Upon arrival, he has done nothing but short-circuit.
In 16 starts in 2012, Friedrich served up 14 long balls en route to a 6.17 ERA, and a 1.559 WHIP. His season ended August 3rd due to a stress fracture in his back that caused him to miss most of the 2013 season. When he returned in 2014, he wasn’t any better, giving up a run per inning in three starts. The Rockies moved him to the bullpen after that and saw improvement. He allowed one run in 11 relief appearances and began 2015 as a locked-in bullpen piece.
Friedrich led the Rockies in appearances in 2015, coming out of the pen 68 times. That was the extent of his positive states. His WHIP rose to an obscene 1.714 while his strikeout rate dropped by 30%. A 5.25 ERA was the result. Colorado put a priority on rebuilding it’s bullpen this off-season, signing Jason Motte and Chad Qualls to above-market deals. McGee’s acquisition meant Friedrich didn’t have a chair anymore.

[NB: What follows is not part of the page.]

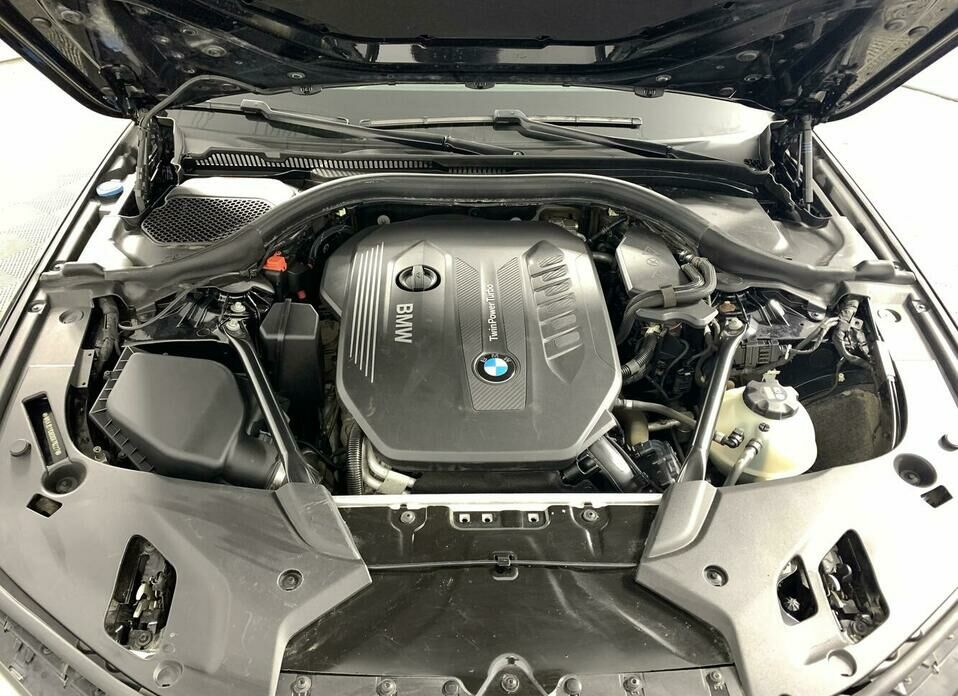 BMW 5 серии 530d xDrive 3.0d AT (249 л.с.) 4WD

So why would the Blue Jays be interested in a pitcher who can’t keep runners off the bases?
Well, he throws with his left hand, which is always an attractive feature. It’s why the Blue Jays just signed Daniel Schlereth, the man picked right after Friedrich in that 2008 draft. For a team still rebuilding it’s pitching depth following last season’s prospect pantry raid, Friedrich gives them another arm to take a look at and potential fill in should Aaron Loup or Chad Girodo not pan out in spring training.

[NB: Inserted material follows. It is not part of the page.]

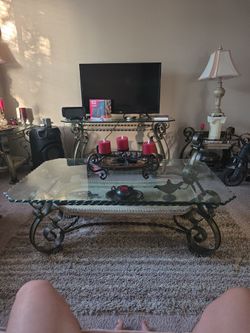 4 set glass tables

Friedrich is also a ground ball machine. His fastball/slider combination generates ground balls at a 50% clip according to Brooks Baseball, and generated more ground balls as he got deeper into summer. His slider’s also velocity increased from 86mph to 88mph at seasons end. On the newly converted dirt of the RogerSkyDome, the ball will slow enough for the above average defense and cut down on a .361 BABIP from last season.
Finally, and depending on personal views of the Mark Shapiro/Ross Atkins regime this can be a positive or a negative, Friedrich is cheap. He’s still on his rookie contract, not due for arbitration until 2017, and would be team controlled until 2020. If the Blue Jays acquire him and he doesn’t work out, he can be released without fanfare at the end of the season. If he succeeds, a la Liam Hendriks, he becomes a very attractive sell-high candidate.
The Blue Jays can always use more bullpen arms. When Ben Nicholson-Smith of Sportsnet.ca listed the items still on the Blue Jays’ shopping list, bullpen depth was still on the agenda. Nicholson-Smith specifically mentions a pickup made by the Kansas City Royals last year, of a former Rockies starter who had problems, kept in the league because he was a left-hander, converted into a reliever, bouncing around before taking off last year and becoming a key cog in a dominant bullpen. Is Christian Friedrich the next Franklin Morales? The survey says no, but there’s still time for Friedrich to prove he can be a serviceable major league player. The Blue Jays can afford to take a chance that it will happen for them.